I had the chance to implement more than my fair share of AB tests. I used Google Web Optimizer, Visual Web Optimizer, Optimizely, an internal AB test suite, and even wrote my own at some point. I do not claim to be an expert in anyway because there are a too many ways to interpret the results. I cannot tell you the right way to track conversion but I sure can tell you when the metrics are completely irrelevant.
The submit button
A new form was created to allow users to subscribe to a website. The designers came up with multiple versions that mostly differed in color and font size. Because a decision could not be made on which version is the better, an AB test was in order.
One of the two is going to win no matter what.
The way an AB test works is by tracking a metric on both versions. Whichever scores the highest is the winner, the one the users like most. Now how do we determine which metric to track? How can the user tell us that he likes one version better then the other. It would be confusing to add a little text box where the user can give us his opinion.
Note that each user will only sees one version, so it is not really a comparison. The metric that is commonly used is the number of times the form is submitted. The question that is ignored is why did the user click in the first place? Let's be clear I do not think for a second that the user clicked because of the color of the button. The user clicked on the submit button to sign up for the service.
At least that's what we have been trained to do when we want to sign up. Fill up the form and click on submit (or press enter for that matter). If you sat behind a user as the experiment happened, you will see no clear indicator that the user likes a specific version better. If you just look at the numbers at the end of the experiment, you can interpret it anyway you want to support your point.

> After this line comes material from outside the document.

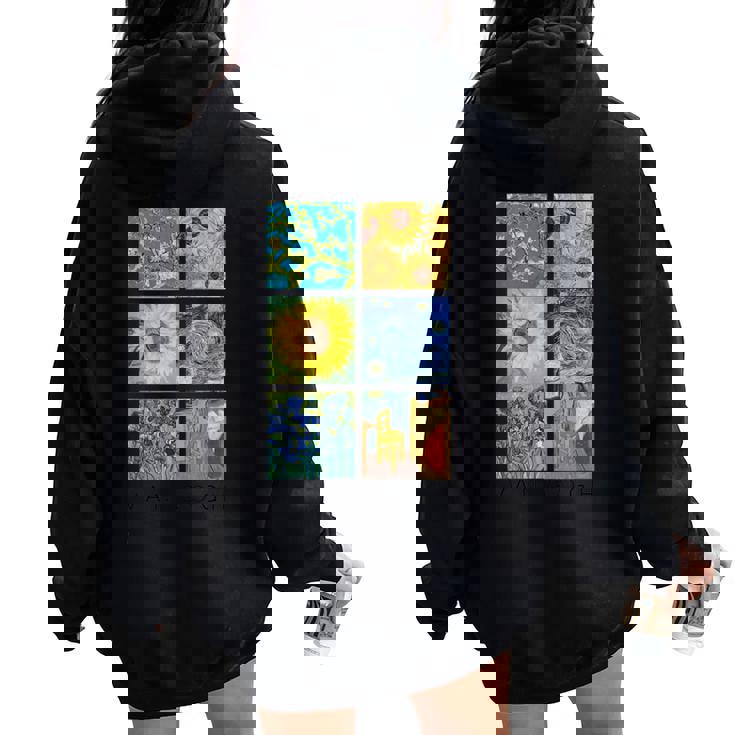 ヴァン・ゴッホコラージュ 星月夜 ひまわり アーモンドの花 レディース オーバーサイズ パーカー バックプリント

There is always a winner. It's the only argument that justifies the AB test.
On the shopping cart page, the user had the option to click on continue shopping or go to the checkout page. Both button were the same size and were displayed both before the list of items in the shopping cart and after.
The AB test we ran was to determine which order was more effective. "Checkout then Continue Shopping" or "Continue Shopping then Checkout". With a big enough sample of course there was a winner. If we ran the test again multiple times, will the results be the same?
One metric I secretly tracked on the side was which of the buttons where clicked the most; the ones before the list of items in the shopping cart and the ones after. Every single time the bottom ones won. Maybe it's because the user would scroll down to see all the items in the cart first, then make a decision to continue shopping or checkout.
41 shades of blue
It's interesting to see a big company like Google do a large scale AB test to determine the best choice of links color. The part that get briefly mentioned is how it was determined which color is the most effective. "Whichever gets the most click" is boring compare to "41 shades of blue".
Did the user click because of the message on the text or its color. Did the user notice the color at all? If the default colors of a link on the web was yellow, if we tested 41 shades of yellow, how will it affect the result. If we ran the same test twice with the same sample size, would we have the same result?
I used this as an argument for a test I thought was unfair. Every time we ran the same experiment, we received different results. At the end the manager said "let's just go for the cleaner version then".
The Big Data argument
The argument is the bigger your sample size, the truer your result will be. This makes much sense when you are presenting numbers in a meeting. But if we are looking at a user and how he behaves in a situation, and why he behaves as such, we would toss most AB tests out the window.
Let's say we create a page with version A blue links and version B we replace all our links with baby pictures. We might get a higher click rate on version B because, well baby pictures! Or we might get no clicks at all because the Internet is tired of baby pictures. What matters is the story each version generates. Having a bigger sample only confirms the story not which button is more effective.
sorry, no baby pictures for you today.
Data can be interpreted in an infinite numbers of ways. I have seen a website that was losing revenue being described as a clear winner in a meeting. There was a 20% drop in traffic every month, but for that particular month, it only dropped by 8%. This was viewed as a 12% increase. In other words, the website had a positive rate of decline compare to the previous month. (8% of a small number is a very significant number)
AB test metrics have to tell a story. The user clicked on this blue text because he has been trained to recognize blue text as a link. If you change it to red and still get clicks, what is the story behind it? Is it the message of the text that suggest it is a link? or is it because the text before it is of different color?
AB test will bring you more questions then answers. There are too many factors that can influence a click and the metric you use will only give you the tip of the iceberg. If you have a something new to test, you will be better off testing it in a controlled environment.